Bruker has long been a partner of Imperial College and has, over the past fifteen years, formed strong collaborative bonds with Prof. Nicholson, helping to establish the powerful metabolic screening tools that now drive the Centre’s research.

The Centre, equipped with three Bruker AVANCE III 600 MHz NMR spectrometers and up to 12 mass spectrometers, will bring molecular analysis technologies to the forefront of clinical decision-making.

Drawing on Imperial College’s pioneering expertise in metabolic profiling science, and combined with Bruker’s cutting-edge, high throughput high resolution NMR technology, the Centre will analyze up to 100,000 blood and urine samples per year.

Using its unique capacity to perform parallel assays, the Centre will conduct large-scale in-depth analysis of biological samples, both exploratory analysis (untargeted) and targeted analysis, that will directly advance new methods for analyzing new classes of metabolites and for interpreting the masses of data generated.

The sheer analytical capacity of the Centre is unmatched in the world – it will create as much data as CERN, running into gigabytes per minute!

This data will help explain why certain people are more susceptible to disease than others. This in turn will enable faster and more accurate diagnosis and inform the development of new drugs and treatments.
The aim is to enable doctors to diagnose illness and select the optimum treatment based on a patient’s phenome – the complete set of their biological characteristics determined by both genes and environment.

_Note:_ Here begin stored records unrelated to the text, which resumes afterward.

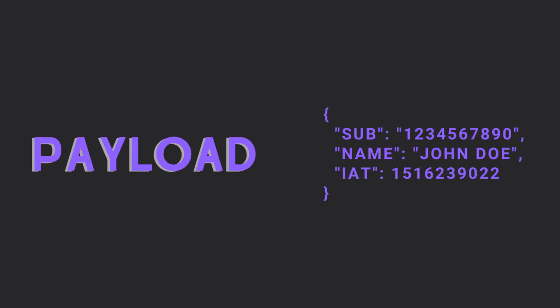The payload is also a JSON object and contains the data we want to transmit in the token. Typically, we pass in the name of the user and some kind of identification, but in the end, it's up to the developer to decide.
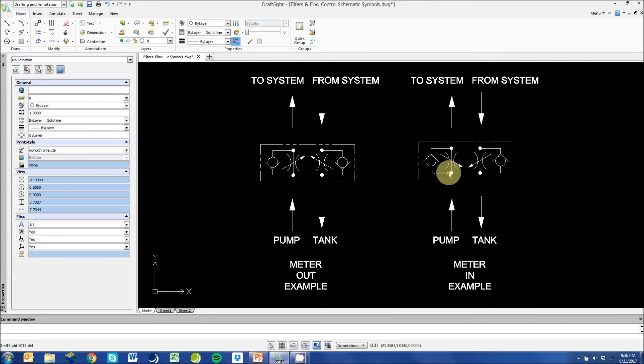Our last symbol shows that the orientation of your flow control valves will determine if you have a meter in system versus a meter out system.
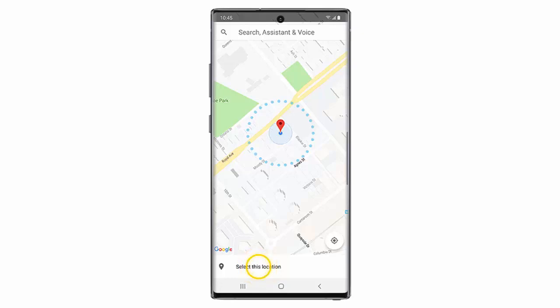Hi, in this video I will show you how to use Trusted Places to automatically unlock your Samsung Galaxy Note 10 or Samsung Galaxy Note 10 Plus.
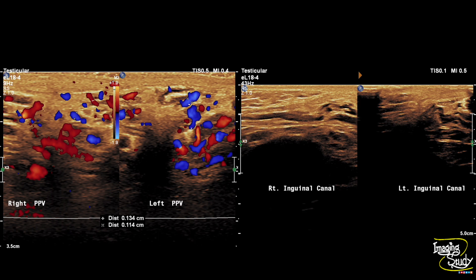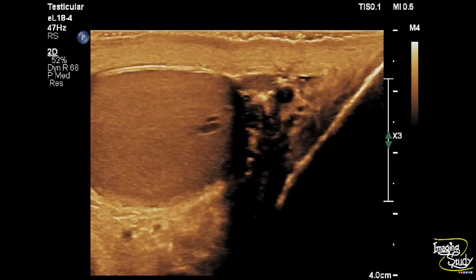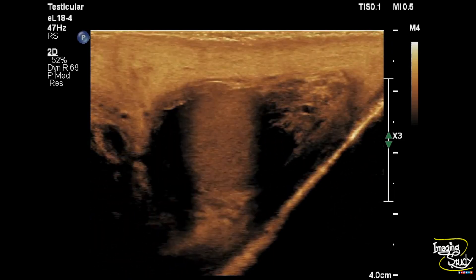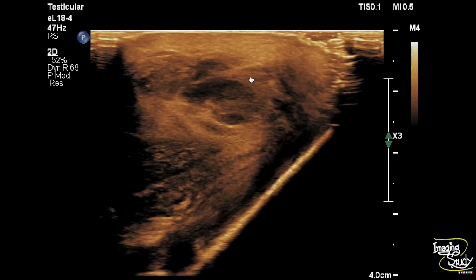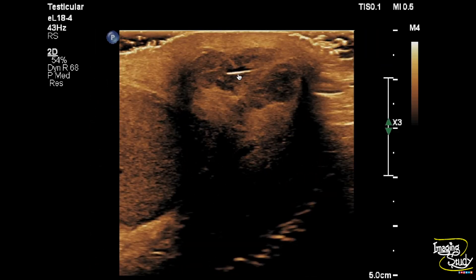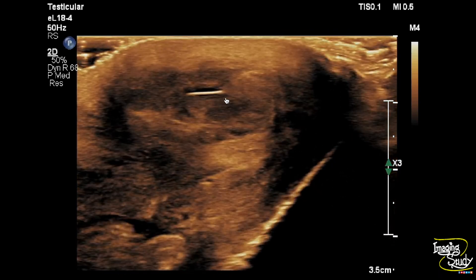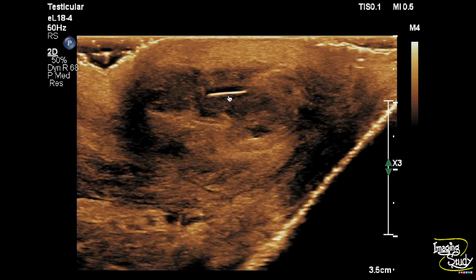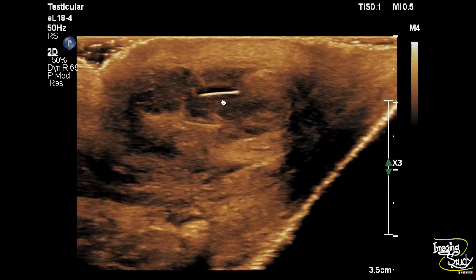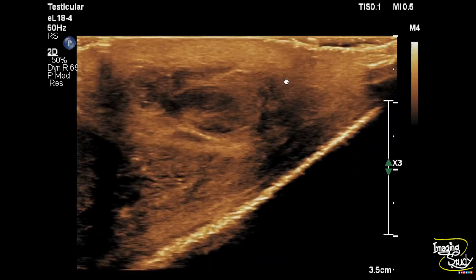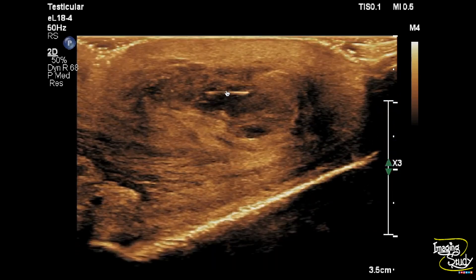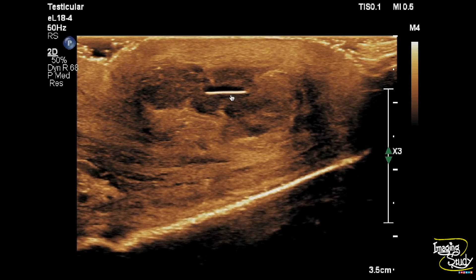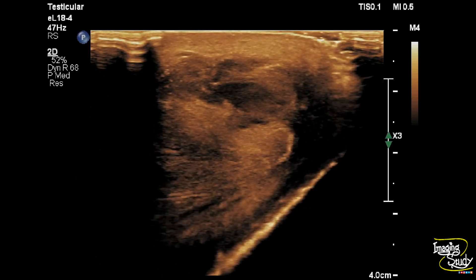Now let's check the bottom of the left hemiscrotum where we have seen the swelling. You can see an irregular hypoechoic area with a central well-outlined linear echogenic focus. This echogenic linear structure is of sharp margin. If you check carefully, there are some reverberation artifacts casting from this structure. The surrounding hypoechoic area is having ill-defined margins. You can see a very thin amount of anechoic collection adjacent to this echogenic focus. So, this structure is a foreign body impacted within the scrotal skin.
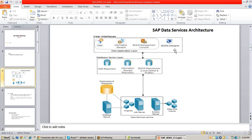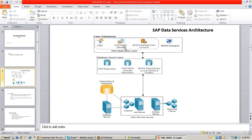The main user interface for BODS developers is the BODS Designer, which is a GUI-based tool. Other user interfaces include BODS Management Console, Information Steward, and CMC — these three are web-based user interfaces. BODS Designer and BODS Management Console come with BODS, while Information Steward and CMC are not installed with BODS but are involved in the architecture.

“It will also allow us to see how individual patients respond to different treatments over time. For example, we could quickly discern whether a cancer patient is responding to chemotherapy and if not, switch to a different treatment, without wasting valuable time. And the data we gather will mean that, ultimately, we will be able to predict which treatments will work for which patients, based on their phenome,” said Prof. Jeremy Nicholson.

Dr Manfred Spraul, Director of Applied NMR business development at Bruker BioSpin GmbH, said “Based on long-lasting and very successful collaborations with Professor Jeremy Nicholson at Imperial, Bruker is pleased to actively contribute to the new MRC-NIHR Phenome Centre and help revolutionise the understanding of the causes and mechanisms of disease”.

“Nuclear magnetic resonance and hyphenated technologies, together with improved biofluids and tissue data analysis, will enable personalised phenotyping using top-down system biology tools combined with conventional clinical diagnostics and patient information. We consider the centre to be the crystallisation point for a future network of phenome centres around the world.”

The Centre’s facilities have sparked significant interest worldwide. Used as a template for phenotyping centers it could be rolled out globally, creating a worldwide network for global collaboration. There is already a high international demand for knowledge transfer.

Bernd Gewiese, Co-President, Bruker BioSpin at the Training Centre

Bernd Gewiese, Co-President, Bruker BioSpin

Thanks to donations of additional equipment from Bruker, the centre includes a state-of-the-art international training facility. This will enable students, scientists and doctors from around the world to gain hands-on experience in using analytical technology to study the human phenome. The Training Centre is already planning to run training courses in a number of languages, from Spanish to Mandarin Chinese.